The news comes despite industry hype around the success of web-enabled smartphones such as Apple’s iPhone and Google’s Nexus One.
Essential’s research also found that 60% of UK mobile users claim to not even own a mobile with internet access and just 30% of these are interested in getting one.
Alex Charlton, partner at Essential Research which conducted the study over six months in 2009, says: “This type of research doesn’t often see the light of day, and what we’ve found is pretty surprising news: there is an enormous gulf between the perceptions we hold about mobiles being a big part of our internet lives and the reality.”
Despite lower than expected adoption and usage of mobile internet however, consumer appetite for mobile media services, such as live TV and radio, is strong – 86% of current mobile internet users and 56% of non-mobile internet users report they would be willing to use services via their mobile phone.
Barriers to full adoption of mobile web services were mostly “hygiene factors” including speed of connection, the cost of mobile internet and handset battery life.
The research found that even when cost was not considered, over half of users (57%) who have tried to get online with a mobile and failed reported that they found the technology too difficult to use, access to websites was impossible and the mobile internet experience didn’t meet their expectations.
Conversely, the biggest driver of mobile internet adoption to date is social media. Almost as many daily mobile internet users (70%) use social media services on their phones.
The ability to perform everyday activities such as checking real time travel updates (33%) and tracking in-store offers, coupons and vouchers (31%) were the most interesting to those that don’t currently use mobile internet.

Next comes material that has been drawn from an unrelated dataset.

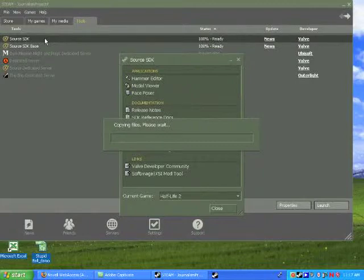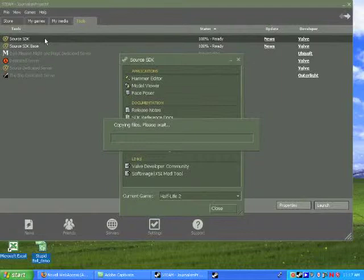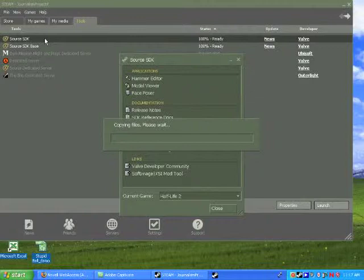What comes up is the core menu for Source. You'll see the Face Poser where you can do your sequences for animation and voice, Model View where you can edit models, and the links to the Valve Development Community where you can get all the material and tutorials in order to work with Source.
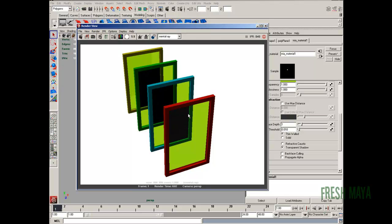Those three settings we were just messing with is the reason that's happening. Maya is calculating refractions, but it's only calculating it for one surface right now. It's not going to calculate it for two surfaces.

Charlton says: “With high profile marketing campaigns all around us, consumers are aware that they can use their mobile to check their email and use Facebook. What we’ve shown here is that there is a genuine interest from consumers to engage with brands that they already connect with and use their mobiles as an extension to their everyday lives. There is a role for all of us to play in making the mobile internet a more attractive proposition to the mass market and the opportunity is massive. Brands hold the key.”